WHAT IS BEING ASKED: From the very first line of the records through the line that contains "Weiteres Foto von Martina Simone", repeat everything exactly except the pictures, and add nothing.
╔══
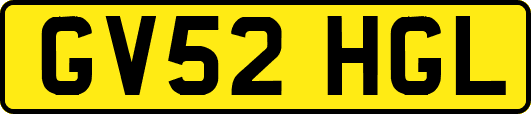 GV52HGL
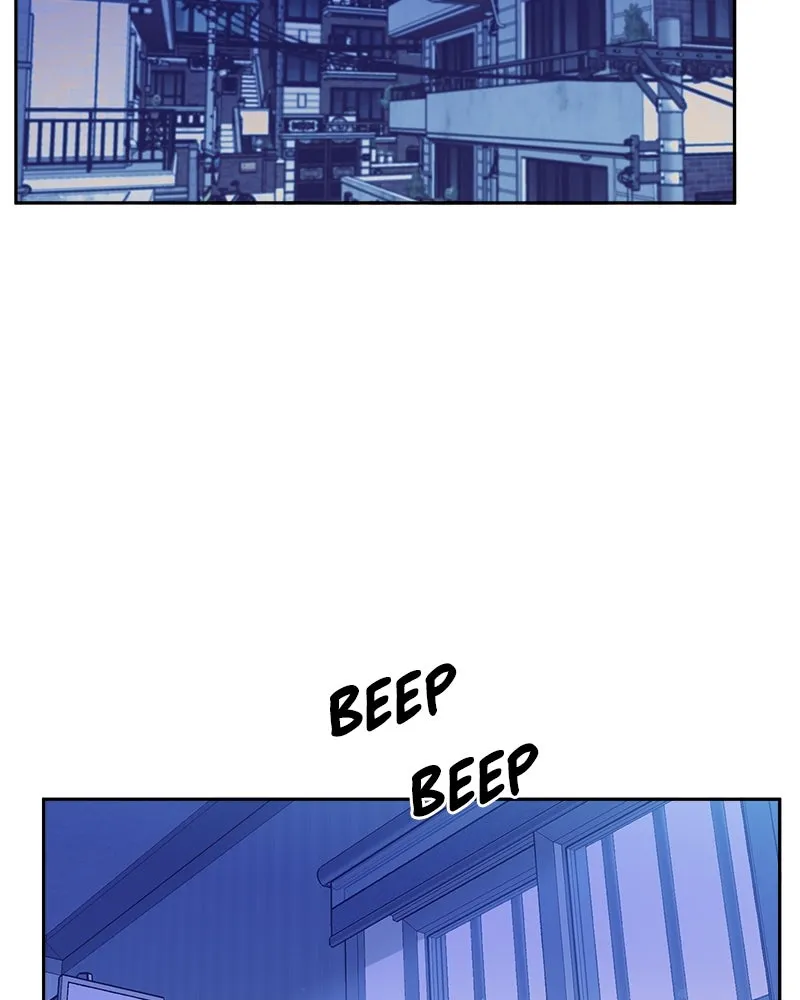 It’s Just Business Chapter 2 page 2 - 
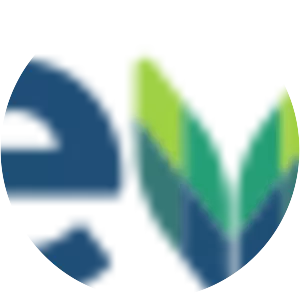 Teva Pharmaceutical Industries - Pharmaceutical company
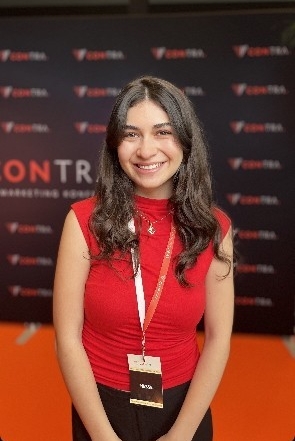 Weiteres Foto von Martina Simone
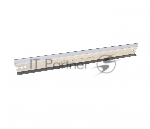 Ракель HP LJ Pro M125/126/127/201/202/225/P1000/1005/1006/1505/1566/1606/M1120/1522/M1530/1536/P1100/1102/1103/1104/M1130/1132/1137/1210/1212/1214/Can MF211/212/216/217/229/LPB 3050/3150/3010/3100/3018/3250/6000/6020/MF3010 Colouring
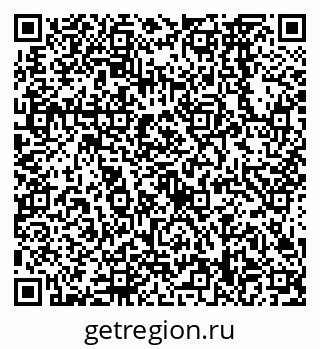 79638568581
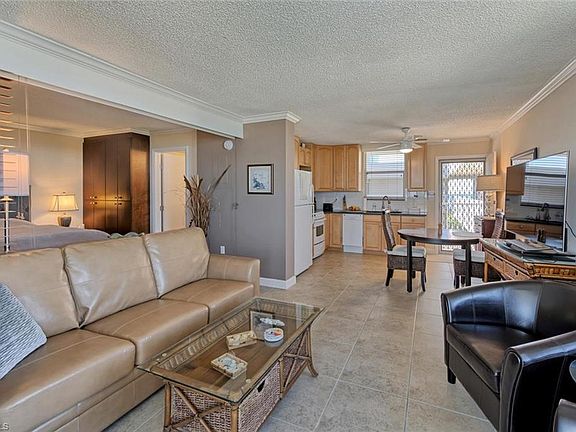 5th image of 5900 Bonita Beach Rd SW #1004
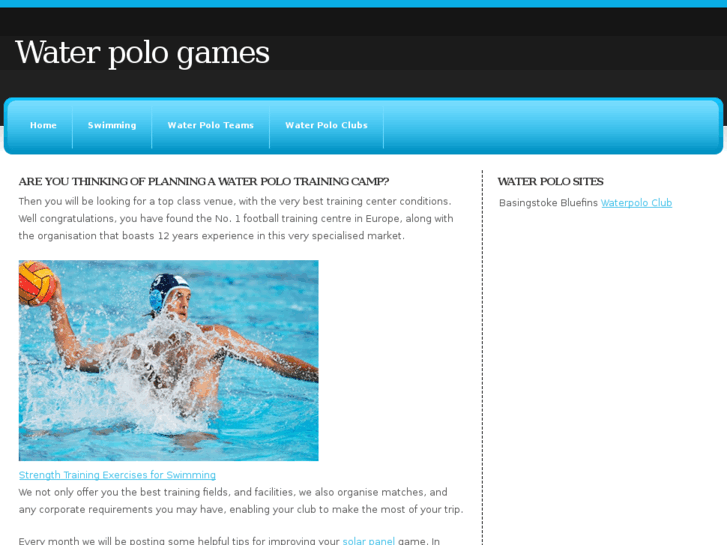 www.exeterwaterpolo.co.uk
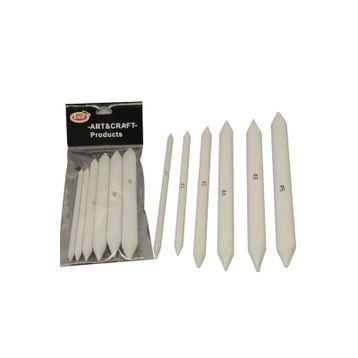 Rich 11251 6 Parça Pastel Dağıtıcı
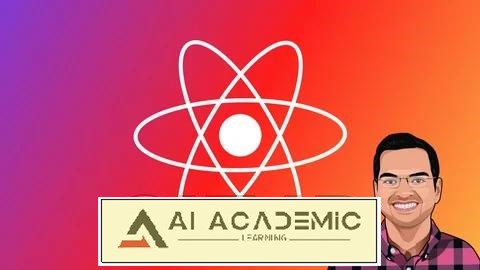 بوت‌کمپ React - راهنمای کامل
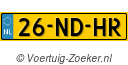 26NDHR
╚══
ANSWER FOR THIS EXERCISE:
 GV52HGL
 It’s Just Business Chapter 2 page 2 - 
 Teva Pharmaceutical Industries - Pharmaceutical company
 Weiteres Foto von Martina Simone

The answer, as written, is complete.